HOW TO COMPLETE THIS TASK |
A partial copy is required: transcribe exactly the lines from the one containing "柏林联合四号位重扣得分，阵地配合与终结方式解析" through the last line below, without any pictures.

DATA FOR PROCESSING |
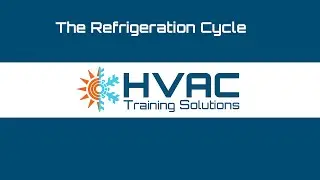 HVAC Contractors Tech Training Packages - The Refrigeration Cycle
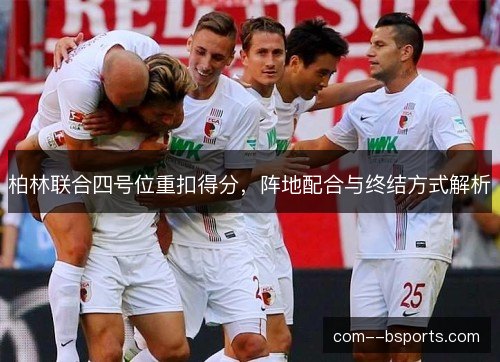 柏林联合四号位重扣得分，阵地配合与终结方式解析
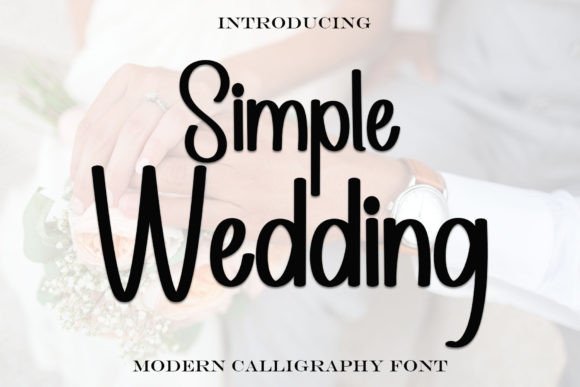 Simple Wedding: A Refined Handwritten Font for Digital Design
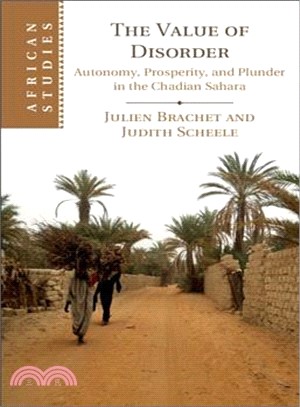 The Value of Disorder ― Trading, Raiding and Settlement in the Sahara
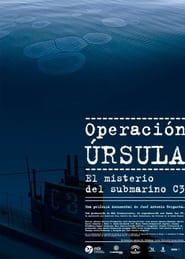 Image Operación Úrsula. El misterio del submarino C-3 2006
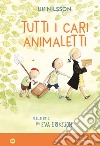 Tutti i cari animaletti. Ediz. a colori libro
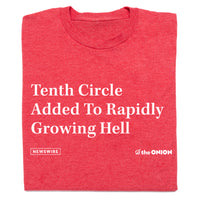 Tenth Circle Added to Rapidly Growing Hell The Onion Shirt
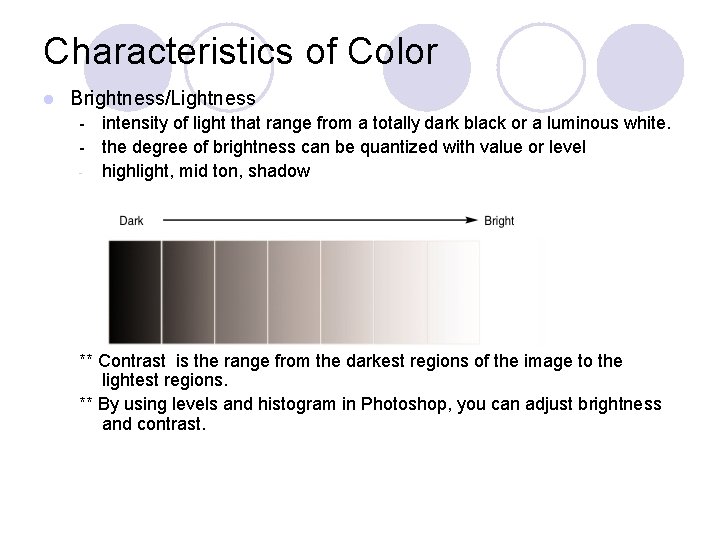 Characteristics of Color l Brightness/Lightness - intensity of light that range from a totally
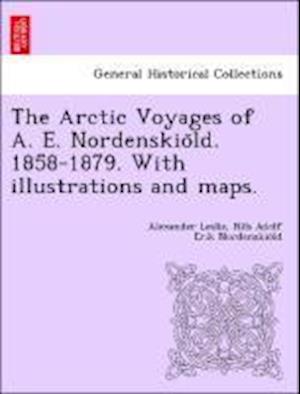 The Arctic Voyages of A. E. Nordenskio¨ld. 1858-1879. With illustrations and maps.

RESULT BELOW |
 柏林联合四号位重扣得分，阵地配合与终结方式解析
 Simple Wedding: A Refined Handwritten Font for Digital Design
 The Value of Disorder ― Trading, Raiding and Settlement in the Sahara
 Image Operación Úrsula. El misterio del submarino C-3 2006
 Tutti i cari animaletti. Ediz. a colori libro
 Tenth Circle Added to Rapidly Growing Hell The Onion Shirt
 Characteristics of Color l Brightness/Lightness - intensity of light that range from a totally
 The Arctic Voyages of A. E. Nordenskio¨ld. 1858-1879. With illustrations and maps.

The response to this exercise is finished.